Vers de nouvelles espèces cultivées en Aquitaine
ENVIRONNEMENT•Introduction de nouveaux cépages pour la vigne, remplacement de certaines cultures par d'autres plus résistantes... Les conséquences du réchauffement climatique sur les espèces cultivées seront nombreuses en Aquitaine...Mickaël Bosredon
Selon les scénarios établis par le Giec (Groupe intercontinental d’experts sur le climat), les projections font état d’une augmentation de la teneur en CO2 dans l’atmosphère, et de la température moyenne de 1,8 à 4°C au cours des prochaines décennies. Membre du Giec, Hervé Le Treut a coordonné une étude scientifique sur les impacts du réchauffement climatique sur la région Aquitaine, à la demande du conseil régional. Elle sera présentée ce mercredi.

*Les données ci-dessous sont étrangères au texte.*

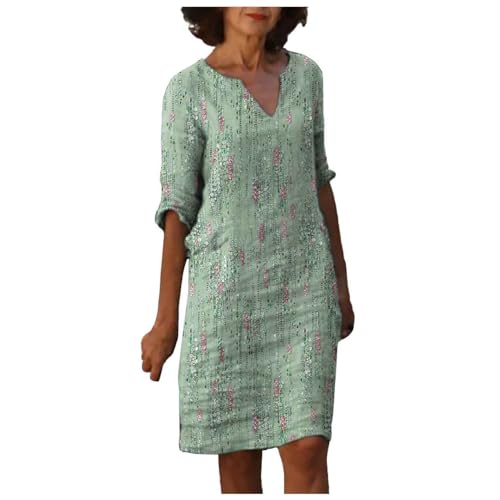 Sunnyuk Leinenkleid Damen Sommer Lang Musselin Leichte Strandkleid Sommerkleid Halbarm Leinen Leinen Kleid V-Ausschnitt Einfarbig Freizeitkleid Knielang Elegant Tunika Linen Dress Midi Sommer von Sunnyuk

L’Aquitaine «va être confrontée à un réchauffement systématique s’accompagnant de vagues de chaleur plus intenses, particulièrement en été, et donc de situations d’évapotranspiration des sols également plus intenses.» Plusieurs scénarios ont été étudiés, systématiquement ils montrent que «l’on obtient de 8 à 16 jours de sécheresse de plus par an, en moyenne sur 30 ans.» Ces vagues de sécheresse «n’interdisent pas des situations orageuses» et «d’autres résultats montrent aussi un accroissement possible des épisodes de pluie intense en été.»
Face à ces modifications, «toutes les plantes ne réagiront pas de la même façon» expliquent les scientifiques. Et l’augmentation des températures va accroître «la possibilité de cultiver de nouvelles espèces ou variétés dans des zones considérées jusqu’ici comme trop fraîches.»

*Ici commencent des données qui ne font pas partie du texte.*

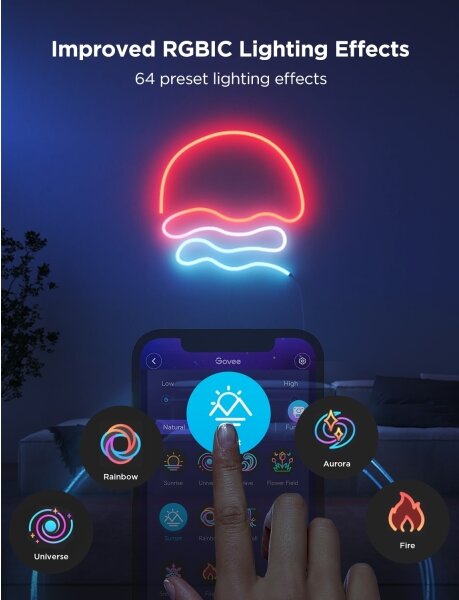 Govee - Neon 2 MATTER striscia LED flessibile 3m RGBIC Wi-Fi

Vers des vins «trop alcoolisés et insuffisamment acides»
L’augmentation des températures a déjà accéléré le développement de la vigne. «Depuis vingt ans, cette augmentation, combinée à des pratiques culturales particulières, a conduit à une avance de la date de maturité des raisins de 15 jours en moyenne (…) Les simulations produites dans le projet Climator permettent d’envisager pour le cépage Merlot à Bordeaux une avancée de la date de floraison et de la date des vendanges d’environ 40 jours pour la fin du siècle (…)»
De nouvelles conditions de maturation «provoqueront des déséquilibres gustatifs (vins trop alcoolisés et insuffisamment acides) ainsi qu’une modification de la composition en arômes des vins produits ; elles pourront augmenter le risque d’un vieillissement prématuré des vins, en particulier pour les vins blancs.» Pour la deuxième moitié du siècle, «l’introduction de cépages tardifs non autochtones pourrait être envisagée, comme la touriga nacional, un cépage tardif portugais.»
La culture du maïs remplacé par celle du sorgho?
Concernant le maïs, «un avancement de la date de floraison d’environ 15-20 jours est attendu pour la fin du siècle, et d’environ 15 à 30 jours pour la récolte (…) On pourrait aussi s’attendre à une diminution de rendement du maïs.» Dans le cas du blé tendre et du tournesol, «il est prévu une stabilité de rendement dans le futur proche, voire une augmentation dans le futur lointain, en raison de l’accroissement de CO2 dans l’atmosphère.»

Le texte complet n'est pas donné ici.